Las catequistas nos enseñaban a iniciarnos en la liturgia, en el conocimiento y el encuentro con Jesús. Nos enseñaban a orar en silencio, con música, con los cantos y a compartir lo que teníamos. Eso me resultaba un poco preocupante, porque lo que tenía era justo lo que utilizaba y necesitaba. Dar algo sin permiso de mi madre no me parecía bien. Utilizaba otras formas de compartir: la alegría, estar con ellas, ayudar a otras niñas a hacer deberes y privarme de chucherías para darlas, ser una amiga fiel.

La enseñanza de mi madre fue muy importante. Ella nos pasó la luz de la fe como lo mejor que nos podía regalar. Era muy devota del Sagrado Corazón y de la Santísima Virgen.

Mi relación con el Señor, en la medida que iba cumpliendo años, maduraba, y crecía mi pasión por estar y vivir en Él, me gustaba su vida entregada por amor y es lo mismo que yo quería hacer de mi vida con su ayuda: entregarla a los demás, y para ello estudiaba y me preparaba para ser una persona de Dios y de la Humanidad.

Me encontraba siempre llena de vida y de amor para estar con los más pobres. A los 19 años, me mandaron a un barrio muy pobre de Barcelona para discernir mi posible vocación. ¿Qué quería el Señor de mí? Había conocido a las monjas dominicas y me parecían mujeres de Cielo y de Verdad. Encajada su carisma con mi forma de ser alegre. Y también conocía la congregación de las religiosas que me habían enseñado con tanta paciencia y respeto; las admiraba y quería ser como ellas, misionera. Dos frentes que tenía que elegir por uno o por otro.

Me decidí por la vida contemplativa-orante para ser en la Iglesia esas raíces profundas que dan sentido y calor a la vida que florece diariamente. Cristo dibujó en mis entrañas su vivo Rostro que no puede más que abandonarme y lanzarme al vacío de todo con el fuego del Amor que Dios llenaba dejando sus huellas en mi carne estremecida por el deleite y el gozo infinito de amar y ser amada, como la mujer más enamorada de esta tierra.

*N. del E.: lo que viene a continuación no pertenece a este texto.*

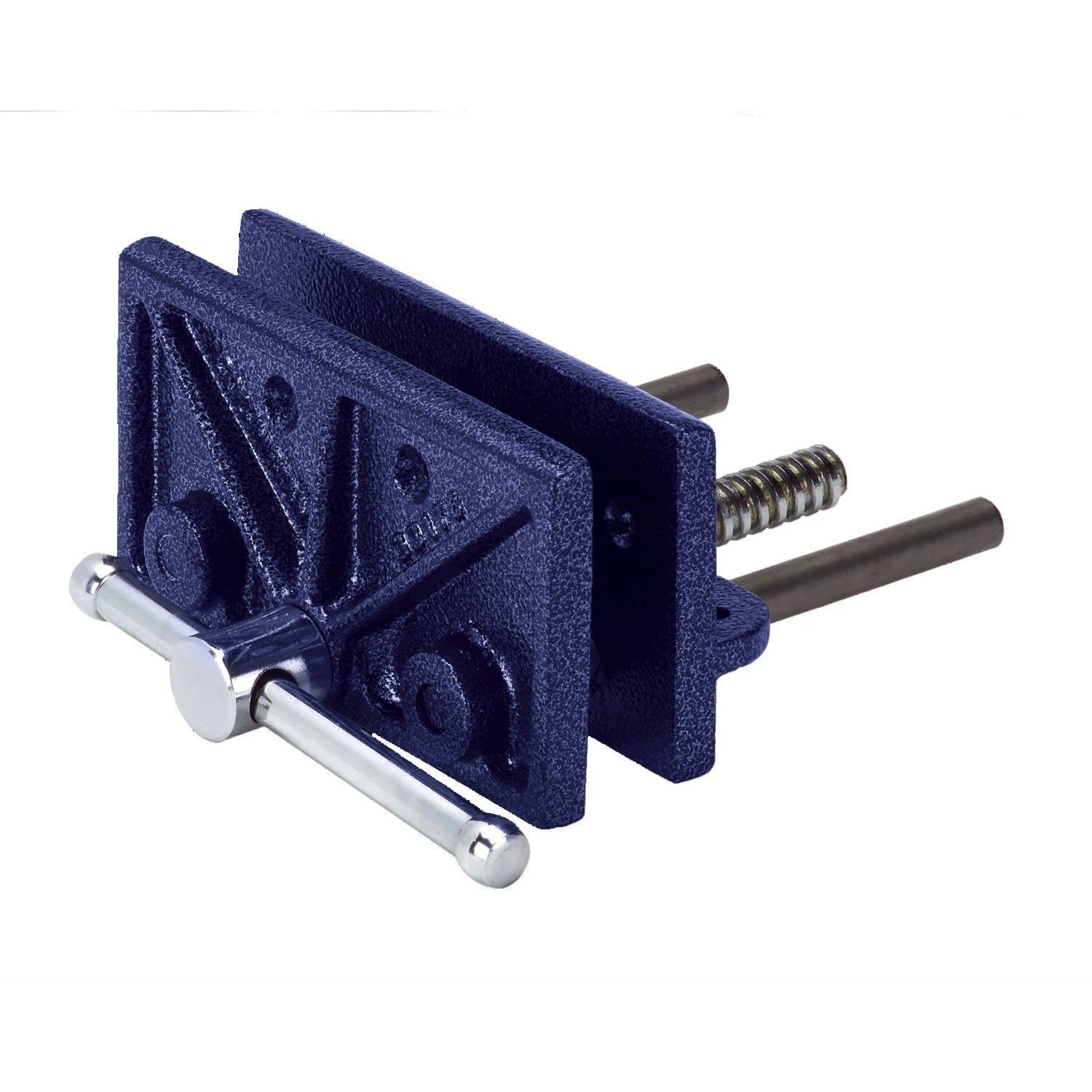 Wilton 33176 176 Light-Duty Woodworkers Vise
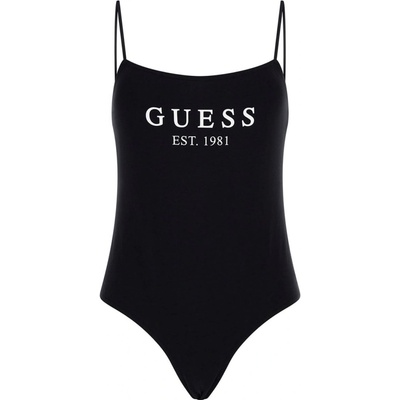 Guess body Carrie O2GM12 KBBU1 černé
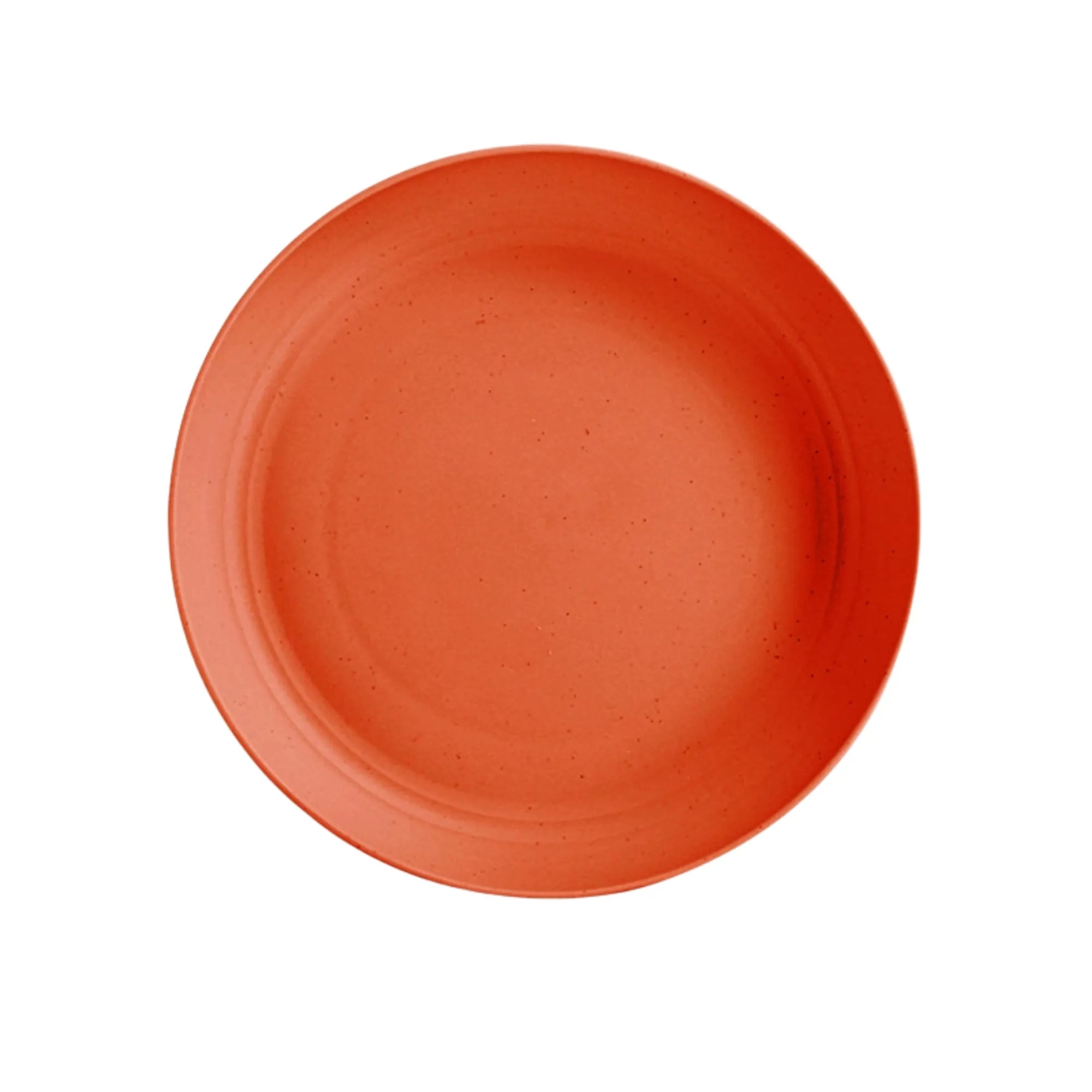Microwave and Dishwasher Safe Wheat Straw Plates Dinner Plat 3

¿Qué son las dificultades y las noches oscuras que suelen presentarse en el camino, estando marcada tan íntimamente? La pasión, la memoria, la celebración de lo vivido y celebrado siempre a Su lado me hacía vulnerable a todo con tal de estar a su lado eternamente. Sabía que todo eso que iba muriendo en mí resucitaba nuevas posibilidades, se renovaba el alma y me ayudaba a ser otra persona más humana.

¿Qué era para mí Él? Era y es ese misterio visible que me muestra al Invisible, mi razón de ser en este mundo creado por Él, esa unción sacramental que tanto veneraba y que era ungida con el aceite de la pobreza, castidad y obediencia.